New backends are relatively easy to add, both as built-in wrappers in C++ and as Lua wrappers (see below).

Using custom Lua plugins

It is possible to extend the capabilities of BuildCache with Lua. See lua-examples for some examples of Lua wrappers.

BuildCache first searches for Lua scripts in the paths given in the environment variable BUILDCACHE_LUA_PATH (colon separated on POSIX systems, and semicolon separated on Windows), and then continues searching in $BUILDCACHE_DIR/lua. If no matching script file was found, BuildCache falls back to the built in compiler wrappers (as listed above).

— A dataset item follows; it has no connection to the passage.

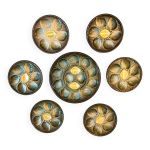Service a huitres vintage en faence - saint clement, 1 plat + 6 assiettes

Note: To use Lua standard libraries (coroutine, debug, io, math, os, package, string, table or utf8), you must first load them by calling require_std(name). For convenience it is possible to load all standard libraries with require_std("*"), but beware that it is slower than to load only the libraries that are actually used.

All program arguments are available in the global ARGS array (an array of strings).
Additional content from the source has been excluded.